**ABOUT THIS TASK**
Copy out the entries exactly, from the first line to the last.

**Dataset excerpts**

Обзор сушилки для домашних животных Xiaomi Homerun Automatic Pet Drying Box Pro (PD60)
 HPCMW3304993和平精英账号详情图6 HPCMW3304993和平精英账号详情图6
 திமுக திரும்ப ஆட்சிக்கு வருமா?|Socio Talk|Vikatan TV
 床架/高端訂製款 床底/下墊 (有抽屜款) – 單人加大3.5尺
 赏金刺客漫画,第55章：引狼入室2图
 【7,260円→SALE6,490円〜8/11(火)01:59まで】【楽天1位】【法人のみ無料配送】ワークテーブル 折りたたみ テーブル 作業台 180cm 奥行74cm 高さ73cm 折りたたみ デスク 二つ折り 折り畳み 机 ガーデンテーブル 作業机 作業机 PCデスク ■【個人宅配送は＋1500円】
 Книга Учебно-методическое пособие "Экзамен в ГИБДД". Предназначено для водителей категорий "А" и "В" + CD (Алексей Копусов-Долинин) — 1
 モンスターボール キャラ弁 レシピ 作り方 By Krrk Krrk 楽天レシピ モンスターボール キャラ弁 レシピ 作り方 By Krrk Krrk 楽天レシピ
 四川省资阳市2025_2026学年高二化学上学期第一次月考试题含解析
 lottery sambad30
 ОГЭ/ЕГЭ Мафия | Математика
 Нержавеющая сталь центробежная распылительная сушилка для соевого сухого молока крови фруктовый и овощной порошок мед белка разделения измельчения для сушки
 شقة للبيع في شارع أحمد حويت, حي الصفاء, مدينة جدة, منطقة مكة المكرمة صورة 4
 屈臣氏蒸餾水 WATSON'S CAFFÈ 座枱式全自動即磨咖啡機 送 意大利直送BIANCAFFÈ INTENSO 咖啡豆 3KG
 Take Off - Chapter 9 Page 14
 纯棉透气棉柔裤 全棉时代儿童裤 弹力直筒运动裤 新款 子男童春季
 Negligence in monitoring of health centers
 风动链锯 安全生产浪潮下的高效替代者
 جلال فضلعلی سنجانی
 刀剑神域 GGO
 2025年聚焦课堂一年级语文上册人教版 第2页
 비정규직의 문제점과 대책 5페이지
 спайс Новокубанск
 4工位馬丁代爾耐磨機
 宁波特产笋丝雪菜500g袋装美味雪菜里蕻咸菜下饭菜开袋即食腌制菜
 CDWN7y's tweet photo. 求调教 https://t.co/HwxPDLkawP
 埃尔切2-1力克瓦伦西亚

**ANSWER SECTION**
Обзор сушилки для домашних животных Xiaomi Homerun Automatic Pet Drying Box Pro (PD60)
 HPCMW3304993和平精英账号详情图6 HPCMW3304993和平精英账号详情图6
 திமுக திரும்ப ஆட்சிக்கு வருமா?|Socio Talk|Vikatan TV
 床架/高端訂製款 床底/下墊 (有抽屜款) – 單人加大3.5尺
 赏金刺客漫画,第55章：引狼入室2图
 【7,260円→SALE6,490円〜8/11(火)01:59まで】【楽天1位】【法人のみ無料配送】ワークテーブル 折りたたみ テーブル 作業台 180cm 奥行74cm 高さ73cm 折りたたみ デスク 二つ折り 折り畳み 机 ガーデンテーブル 作業机 作業机 PCデスク ■【個人宅配送は＋1500円】
 Книга Учебно-методическое пособие "Экзамен в ГИБДД". Предназначено для водителей категорий "А" и "В" + CD (Алексей Копусов-Долинин) — 1
 モンスターボール キャラ弁 レシピ 作り方 By Krrk Krrk 楽天レシピ モンスターボール キャラ弁 レシピ 作り方 By Krrk Krrk 楽天レシピ
 四川省资阳市2025_2026学年高二化学上学期第一次月考试题含解析
 lottery sambad30
 ОГЭ/ЕГЭ Мафия | Математика
 Нержавеющая сталь центробежная распылительная сушилка для соевого сухого молока крови фруктовый и овощной порошок мед белка разделения измельчения для сушки
 شقة للبيع في شارع أحمد حويت, حي الصفاء, مدينة جدة, منطقة مكة المكرمة صورة 4
 屈臣氏蒸餾水 WATSON'S CAFFÈ 座枱式全自動即磨咖啡機 送 意大利直送BIANCAFFÈ INTENSO 咖啡豆 3KG
 Take Off - Chapter 9 Page 14
 纯棉透气棉柔裤 全棉时代儿童裤 弹力直筒运动裤 新款 子男童春季
 Negligence in monitoring of health centers
 风动链锯 安全生产浪潮下的高效替代者
 جلال فضلعلی سنجانی
 刀剑神域 GGO
 2025年聚焦课堂一年级语文上册人教版 第2页
 비정규직의 문제점과 대책 5페이지
 спайс Новокубанск
 4工位馬丁代爾耐磨機
 宁波特产笋丝雪菜500g袋装美味雪菜里蕻咸菜下饭菜开袋即食腌制菜
 CDWN7y's tweet photo. 求调教 https://t.co/HwxPDLkawP
 埃尔切2-1力克瓦伦西亚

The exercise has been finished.